Studio notes from the contemporary painter Gregg Chadwick
Wednesday, February 05, 2020
Profile in Courage: Mitt Romney Voted to Convict Trump
"The great question the Constitution tasks Senators to answer is whether the president committed an act so extreme and egregious that it rises to the level of a high crime and misdemeanor.
Yes, he did.
The president asked a foreign government to investigate his political rival. The president withheld vital military funds from that government to press it to do so. The president delayed funds for an American ally at war with Russian invaders. The president’s purpose was personal and political. Accordingly, the president is guilty of an appalling abuse of public trust.
What he did was not “perfect.” No, it was a flagrant assault on our electoral rights, our national security, and our fundamental values.
Corrupting an election to keep oneself in office is perhaps the most abusive and destructive violation of one’s oath of office that I can imagine.
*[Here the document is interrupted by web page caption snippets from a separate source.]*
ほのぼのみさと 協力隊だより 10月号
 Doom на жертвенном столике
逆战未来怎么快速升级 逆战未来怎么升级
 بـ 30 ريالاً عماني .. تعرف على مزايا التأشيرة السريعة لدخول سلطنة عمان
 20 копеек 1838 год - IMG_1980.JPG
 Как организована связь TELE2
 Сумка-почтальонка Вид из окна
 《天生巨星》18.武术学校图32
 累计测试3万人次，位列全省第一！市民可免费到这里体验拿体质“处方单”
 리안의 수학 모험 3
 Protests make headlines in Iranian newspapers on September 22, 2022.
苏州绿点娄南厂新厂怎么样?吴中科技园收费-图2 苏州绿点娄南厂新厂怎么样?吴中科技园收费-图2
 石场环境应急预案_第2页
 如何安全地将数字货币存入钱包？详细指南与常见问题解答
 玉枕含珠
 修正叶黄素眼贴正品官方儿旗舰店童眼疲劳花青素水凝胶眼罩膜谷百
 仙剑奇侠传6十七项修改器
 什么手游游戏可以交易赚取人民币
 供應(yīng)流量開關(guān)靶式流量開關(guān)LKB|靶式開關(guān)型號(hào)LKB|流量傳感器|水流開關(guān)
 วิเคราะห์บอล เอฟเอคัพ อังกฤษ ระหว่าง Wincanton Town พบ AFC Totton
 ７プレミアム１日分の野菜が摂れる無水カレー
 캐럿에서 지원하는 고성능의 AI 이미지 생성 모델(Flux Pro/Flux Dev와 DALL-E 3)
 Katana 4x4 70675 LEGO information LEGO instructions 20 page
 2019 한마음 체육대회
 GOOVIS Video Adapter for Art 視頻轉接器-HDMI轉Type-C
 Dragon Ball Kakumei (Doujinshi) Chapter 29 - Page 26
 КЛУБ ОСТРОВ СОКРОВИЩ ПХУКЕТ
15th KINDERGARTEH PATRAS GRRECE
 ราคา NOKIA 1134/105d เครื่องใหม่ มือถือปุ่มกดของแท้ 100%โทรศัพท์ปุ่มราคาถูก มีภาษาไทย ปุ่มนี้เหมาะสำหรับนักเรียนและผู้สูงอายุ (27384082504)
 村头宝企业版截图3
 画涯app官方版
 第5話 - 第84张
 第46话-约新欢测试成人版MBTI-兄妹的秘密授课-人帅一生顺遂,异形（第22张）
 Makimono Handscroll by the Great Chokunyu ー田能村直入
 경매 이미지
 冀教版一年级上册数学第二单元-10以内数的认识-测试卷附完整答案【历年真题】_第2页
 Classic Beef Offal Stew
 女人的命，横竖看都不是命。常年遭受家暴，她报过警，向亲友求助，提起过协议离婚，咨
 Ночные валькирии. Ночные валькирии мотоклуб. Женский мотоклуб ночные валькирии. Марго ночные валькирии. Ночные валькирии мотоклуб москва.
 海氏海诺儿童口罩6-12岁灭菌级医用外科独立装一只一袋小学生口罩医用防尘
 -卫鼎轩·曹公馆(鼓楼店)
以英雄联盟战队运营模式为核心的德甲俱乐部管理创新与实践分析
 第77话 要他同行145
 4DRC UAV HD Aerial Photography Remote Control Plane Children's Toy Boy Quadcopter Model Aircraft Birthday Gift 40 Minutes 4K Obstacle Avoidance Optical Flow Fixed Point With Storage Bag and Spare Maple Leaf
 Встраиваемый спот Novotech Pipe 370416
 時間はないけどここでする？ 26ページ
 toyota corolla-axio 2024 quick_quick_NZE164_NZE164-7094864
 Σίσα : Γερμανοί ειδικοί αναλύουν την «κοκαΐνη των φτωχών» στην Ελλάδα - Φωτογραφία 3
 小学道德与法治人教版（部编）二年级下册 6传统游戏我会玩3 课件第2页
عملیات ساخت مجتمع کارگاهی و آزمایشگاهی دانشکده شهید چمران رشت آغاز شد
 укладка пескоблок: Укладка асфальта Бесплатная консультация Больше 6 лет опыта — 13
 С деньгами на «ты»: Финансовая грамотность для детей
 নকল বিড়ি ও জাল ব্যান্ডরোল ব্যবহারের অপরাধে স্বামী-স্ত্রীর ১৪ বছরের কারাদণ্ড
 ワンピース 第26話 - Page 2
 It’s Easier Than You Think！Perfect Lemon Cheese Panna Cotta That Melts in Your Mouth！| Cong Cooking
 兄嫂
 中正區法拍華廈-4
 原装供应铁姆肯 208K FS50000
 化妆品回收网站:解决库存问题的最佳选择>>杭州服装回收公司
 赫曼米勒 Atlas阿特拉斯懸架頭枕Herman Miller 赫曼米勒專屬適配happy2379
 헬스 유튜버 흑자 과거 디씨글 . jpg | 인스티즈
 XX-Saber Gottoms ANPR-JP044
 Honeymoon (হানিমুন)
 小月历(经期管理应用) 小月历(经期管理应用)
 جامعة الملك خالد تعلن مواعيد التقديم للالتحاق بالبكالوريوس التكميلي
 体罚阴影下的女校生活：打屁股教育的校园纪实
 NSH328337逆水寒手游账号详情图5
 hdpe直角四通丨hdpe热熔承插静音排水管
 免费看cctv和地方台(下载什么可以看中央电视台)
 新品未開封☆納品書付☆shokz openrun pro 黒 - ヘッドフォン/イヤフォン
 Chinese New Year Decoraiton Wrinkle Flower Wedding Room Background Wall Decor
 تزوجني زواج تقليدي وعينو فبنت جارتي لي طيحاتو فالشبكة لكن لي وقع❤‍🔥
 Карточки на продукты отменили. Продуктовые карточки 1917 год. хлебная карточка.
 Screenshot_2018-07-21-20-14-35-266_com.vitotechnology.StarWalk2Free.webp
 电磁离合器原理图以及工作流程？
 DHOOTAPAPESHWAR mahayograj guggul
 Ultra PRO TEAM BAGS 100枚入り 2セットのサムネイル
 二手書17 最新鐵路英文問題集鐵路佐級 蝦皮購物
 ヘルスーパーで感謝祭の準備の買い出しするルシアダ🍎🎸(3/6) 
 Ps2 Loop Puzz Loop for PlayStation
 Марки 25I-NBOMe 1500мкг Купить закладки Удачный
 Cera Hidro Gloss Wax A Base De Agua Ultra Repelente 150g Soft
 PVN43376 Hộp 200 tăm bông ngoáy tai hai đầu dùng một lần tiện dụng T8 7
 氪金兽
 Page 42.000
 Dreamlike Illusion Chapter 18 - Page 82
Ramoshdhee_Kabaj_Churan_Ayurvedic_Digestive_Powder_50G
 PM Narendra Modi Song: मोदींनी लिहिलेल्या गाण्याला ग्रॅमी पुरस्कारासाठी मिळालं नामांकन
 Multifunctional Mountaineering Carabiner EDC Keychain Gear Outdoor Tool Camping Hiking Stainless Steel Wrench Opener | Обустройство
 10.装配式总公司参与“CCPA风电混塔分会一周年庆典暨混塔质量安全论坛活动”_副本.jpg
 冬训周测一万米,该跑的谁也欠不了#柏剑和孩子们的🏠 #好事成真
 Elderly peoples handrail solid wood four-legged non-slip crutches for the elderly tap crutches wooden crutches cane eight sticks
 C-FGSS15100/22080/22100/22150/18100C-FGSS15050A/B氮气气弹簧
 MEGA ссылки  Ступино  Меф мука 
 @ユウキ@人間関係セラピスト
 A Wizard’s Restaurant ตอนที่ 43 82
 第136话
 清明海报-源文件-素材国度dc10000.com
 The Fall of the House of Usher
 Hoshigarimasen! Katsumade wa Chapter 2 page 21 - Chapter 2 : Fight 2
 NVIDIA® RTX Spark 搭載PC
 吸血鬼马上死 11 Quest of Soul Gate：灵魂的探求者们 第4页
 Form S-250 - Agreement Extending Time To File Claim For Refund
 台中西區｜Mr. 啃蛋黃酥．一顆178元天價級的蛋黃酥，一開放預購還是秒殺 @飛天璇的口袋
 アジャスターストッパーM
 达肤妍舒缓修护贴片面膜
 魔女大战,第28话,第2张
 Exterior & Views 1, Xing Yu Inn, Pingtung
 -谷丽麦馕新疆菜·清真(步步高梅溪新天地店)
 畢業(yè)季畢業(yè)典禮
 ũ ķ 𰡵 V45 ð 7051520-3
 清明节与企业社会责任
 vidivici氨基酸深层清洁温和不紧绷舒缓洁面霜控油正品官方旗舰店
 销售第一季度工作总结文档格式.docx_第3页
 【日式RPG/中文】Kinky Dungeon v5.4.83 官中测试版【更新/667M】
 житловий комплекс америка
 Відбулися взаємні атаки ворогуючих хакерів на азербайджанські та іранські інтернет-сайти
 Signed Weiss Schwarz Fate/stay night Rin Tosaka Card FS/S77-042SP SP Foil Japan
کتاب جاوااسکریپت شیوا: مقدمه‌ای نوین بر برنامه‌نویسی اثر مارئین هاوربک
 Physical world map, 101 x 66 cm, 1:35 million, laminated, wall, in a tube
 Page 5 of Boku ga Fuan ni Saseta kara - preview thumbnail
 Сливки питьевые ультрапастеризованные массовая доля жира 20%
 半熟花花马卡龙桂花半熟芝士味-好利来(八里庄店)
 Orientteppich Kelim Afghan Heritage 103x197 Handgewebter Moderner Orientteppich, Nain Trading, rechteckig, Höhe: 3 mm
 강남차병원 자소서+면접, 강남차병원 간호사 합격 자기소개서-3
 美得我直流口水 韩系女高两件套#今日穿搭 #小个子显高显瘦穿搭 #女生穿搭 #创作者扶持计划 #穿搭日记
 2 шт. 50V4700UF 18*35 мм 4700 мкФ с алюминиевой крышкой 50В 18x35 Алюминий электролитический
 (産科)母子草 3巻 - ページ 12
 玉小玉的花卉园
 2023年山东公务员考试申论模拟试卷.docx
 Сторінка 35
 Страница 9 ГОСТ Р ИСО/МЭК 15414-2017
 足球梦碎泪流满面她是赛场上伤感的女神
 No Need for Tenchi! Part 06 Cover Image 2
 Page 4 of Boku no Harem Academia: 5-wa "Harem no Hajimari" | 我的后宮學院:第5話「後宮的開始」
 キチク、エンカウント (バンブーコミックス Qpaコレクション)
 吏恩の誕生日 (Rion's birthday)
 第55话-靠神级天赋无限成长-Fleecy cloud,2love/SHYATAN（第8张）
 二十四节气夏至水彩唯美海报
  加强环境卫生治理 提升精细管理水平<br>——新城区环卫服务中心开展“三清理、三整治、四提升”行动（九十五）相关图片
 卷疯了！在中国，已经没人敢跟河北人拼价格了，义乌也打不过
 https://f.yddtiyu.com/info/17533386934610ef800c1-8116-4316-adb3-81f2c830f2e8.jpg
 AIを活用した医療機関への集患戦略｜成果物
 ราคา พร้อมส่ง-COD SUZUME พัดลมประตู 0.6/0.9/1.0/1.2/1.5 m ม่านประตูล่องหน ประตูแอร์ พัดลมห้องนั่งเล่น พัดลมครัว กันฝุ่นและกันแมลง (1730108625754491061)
It’s what autocrats do."
- Mitt Romney Feb 5, 2020
What we teach in resistance courses -- real resistance, not hashtag resistance -- is that calibrated acts of defiance build morale for the populace, and have a vital psychological value. Pelosi. Romney. Acts of defiance.
In 1896 Justice Harlan was the only justice to vote against Plessy v Ferguson. But his lone dissent gave a basis to build the argument that won in Brown v Board.